Dataset content.
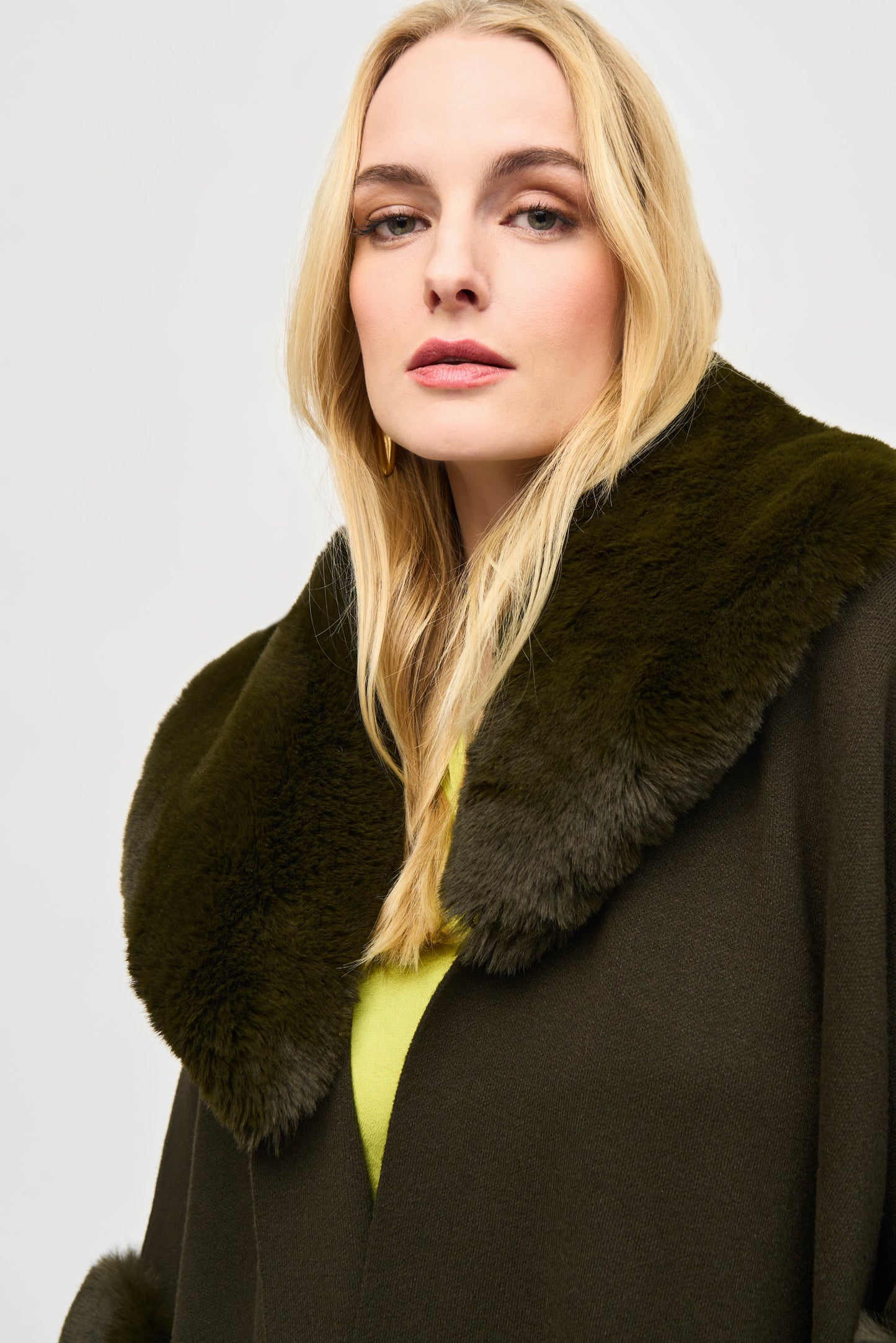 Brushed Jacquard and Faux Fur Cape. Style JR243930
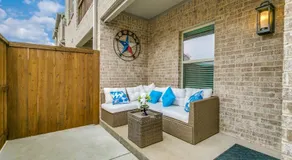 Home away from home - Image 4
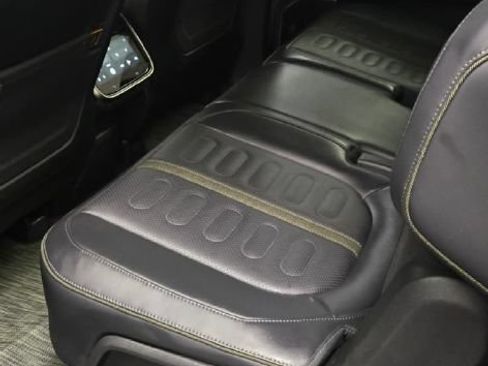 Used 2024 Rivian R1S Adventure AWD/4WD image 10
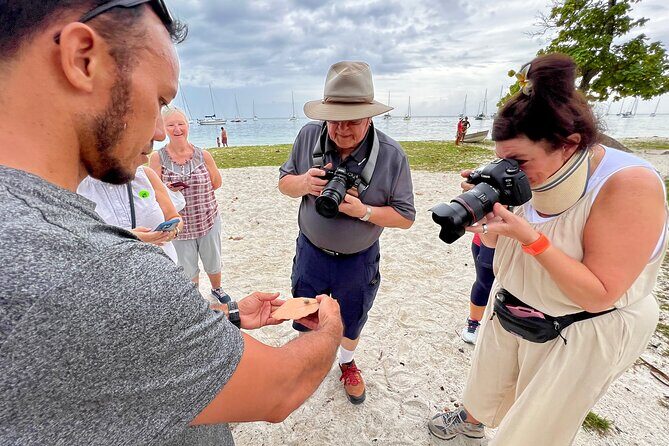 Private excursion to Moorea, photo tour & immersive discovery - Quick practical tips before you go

Aim of the exercise.
Please, leaving out all pictures, transcribe exactly the lines above from the one containing "Used 2024 Rivian" through the final line, both included.

Output for this exercise.
 Used 2024 Rivian R1S Adventure AWD/4WD image 10
 Private excursion to Moorea, photo tour & immersive discovery - Quick practical tips before you go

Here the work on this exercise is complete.